:: RECORDS FOR THIS EXERCISE ::
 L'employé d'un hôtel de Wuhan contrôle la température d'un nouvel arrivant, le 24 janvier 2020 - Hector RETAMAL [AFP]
---
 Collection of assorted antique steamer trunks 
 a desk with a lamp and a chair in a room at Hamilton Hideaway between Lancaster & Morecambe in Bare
--
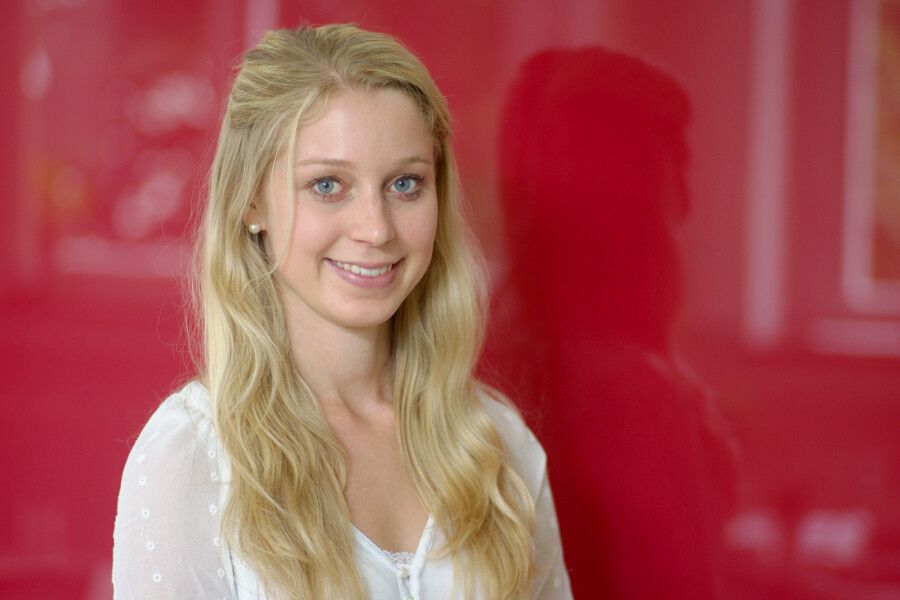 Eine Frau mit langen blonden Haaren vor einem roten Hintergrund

:: WHAT IS NEEDED ::
Precisely the lines between those holding "Collection of assorted" and "a desk with", inclusive, are to be reproduced from the listing above, with nothing added.

:: SOLUTION FOR THIS TASK ::
 Collection of assorted antique steamer trunks 
 a desk with a lamp and a chair in a room at Hamilton Hideaway between Lancaster & Morecambe in Bare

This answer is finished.